No se fueron. No se han ido. Se suicidaron.
No voy a tapar con palabras bonitas un hecho que de bonito no tiene nada.
Hace 8 años se suicidó Talia, de 33 años.
Hace 4 meses se suicidó Sara, de 24 años.
Trabajo todo el día para no pensar en esta pérdida irremediable.
No quiero llorar de noche, pero es más fuerte que yo.
Termina el día y me quedo solo. Con mis fantasmas.
Con lo inevitable de la muerte de mis amores a pesar de tanta dedicación y tanto amor.
La educación de los hijos no termina con su desaparición física.
Tengo que ser el ejemplo para ellas, en vida y después también.
Lloraré, sufriré y rezaré, pero seguiré siendo el padre de siempre.
Dedicado, activo, positivo y optimista.
Lleno de amor y ternura para con ellas y las que quedaron.
Por ellas y por su recuerdo no puedo quebrarme, no puedo caerme.
Por ellas y por su recuerdo debo superar esta crisis, trabajar para que no me destruya ni me torture de por vida.
Por los que pasan esta situación debo seguir aprendiendo, creciendo, madurando y transmitir que se puede convivir con el dolor y la tragedia y a la vez ser feliz por el milagro de la vida.
Para valorar el privilegio de amar y ser amado.
Por despertarnos cada mañana y renovar nuestras esperanzas.

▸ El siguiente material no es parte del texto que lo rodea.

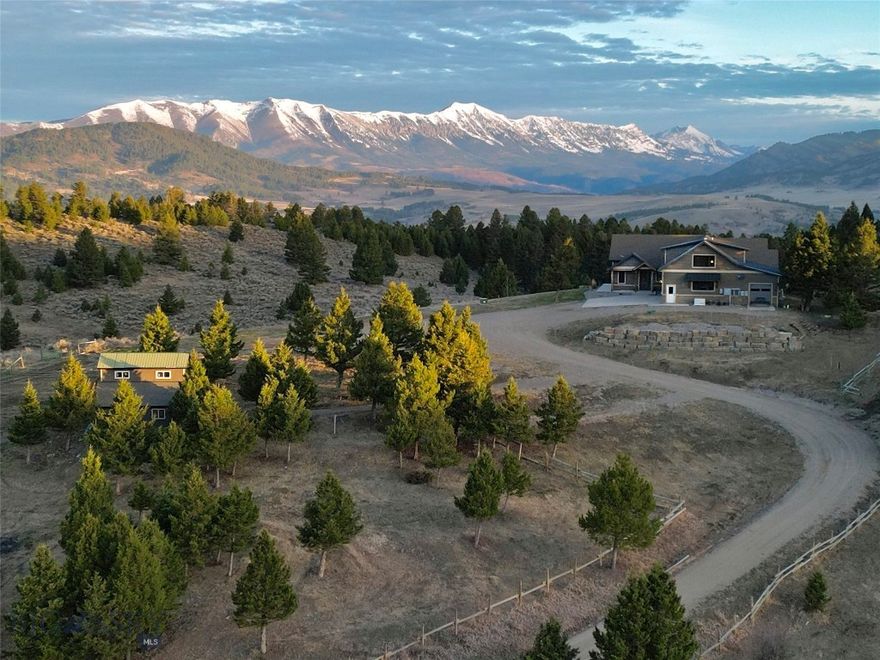 Montana adventures await at this peaceful and private 10-acre mountain enclave, located just 20 min from Bozeman’s historic Main Street. Situated on a ridge against a 219-acre conservation easement, this property features unobstructed of the Bridger Mountains, horse barn and additional outbuildings. The home was built in 2020 and features 5,933 sq ft of well designed space. Enjoy stargazing and ever-changing skies from every window while viewing the abundant wildlife that frequents the property, including elk, moose, deer and more. Subject to light CCRs in a gated HOA with no county zoning, this property offers the freedom to pursue your Montana hobbies. 2-stall horse barn with hay storage, pasture fencing and cross fencing. An additional 2- bay 760+ sq ft shop/toy barn with carport at the entry of the driveway. No view - little impact from I-90. This home features many upgrades including radiant heating and multiple mini split A/C units. Vaulted living room with stone surround gas fireplace, engineered hardwood floors. Office features western mountain views. The gourmet kitchen features GE Café appliances, granite counters and a dining island. Dining area accesses covered patio with in-slab radiant heat (no shoveling), perfect for indoor-outdoor entertaining. Adjacent mudroom/laundry area with large pantry, a pet wash, and new washer/dryer. The spacious main-level primary suite features a spa-like primary bath with soaking tub, and large, tiled shower. A 2nd guest bed on main has access to a ¾ bath. Upper-level large bonus room with walk-in closets and a tiled bathroom offers flexibility as an additional ensuite guest bedroom. Daylight lower level features walk-out to the covered patio with in-slab heat. Flex recreation room, a guest bedroom, a gym and a ¾ bath on this level. An expansive 1,818 sq ft, 4-bay 5-car attached garage features in floor heat and HRV system. Enjoy the security of a vault lock-off safe/storage room for hobbies/conditioned storage. Property features two 1,000-gallon buried propane tanks, 20-gal min well, a GENERAC backup power system, upgraded windows with custom shades and a Sonos system. Fire mitigation of vegetation and irrigated grounds around the structures. Multiple RV and equipment parking areas. Additional equipment avail for separate purchase. 30 min to MSU, 25 min to Bozeman Health Hospital, 35 min to Bridger Bowl, 25 min to Livingston and blue-ribbon waters of the Yellowstone River. Don’t miss the VR Matterport 360 tour!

Talia, te extraño mucho amor mío.
Sara, me haces falta y no puedo hacerme a la idea que no puedo siquiera hablar contigo por teléfono.

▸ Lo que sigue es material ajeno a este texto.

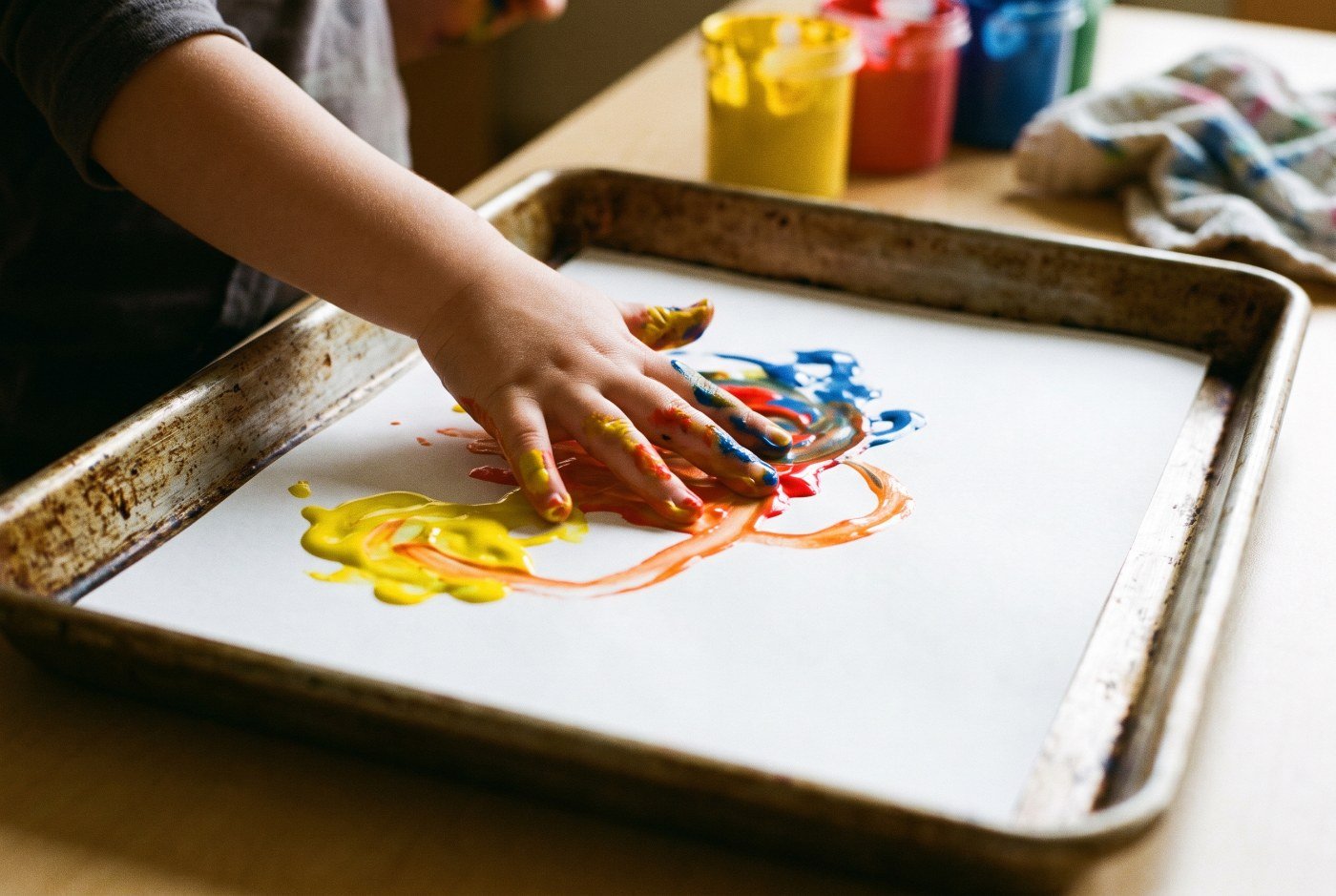 Manos de un niño extendiendo pintura de dedos amarilla y roja sobre una cartulina grande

Cada vez que escribo Hola en el chat, el celular me sugiere tu nombre.
Paradojas de la vida, ni siquiera el celular se ha percatado de tu partida y te sigue esperando.
Seguiré orando, ensalzando la gloria divina. Y llorando mi vulnerabilidad humana, recalcando mi infinita pequeñez ante la majestad de la creación y la orfandad que siento sin el amor que quisiera darles a mis hijas.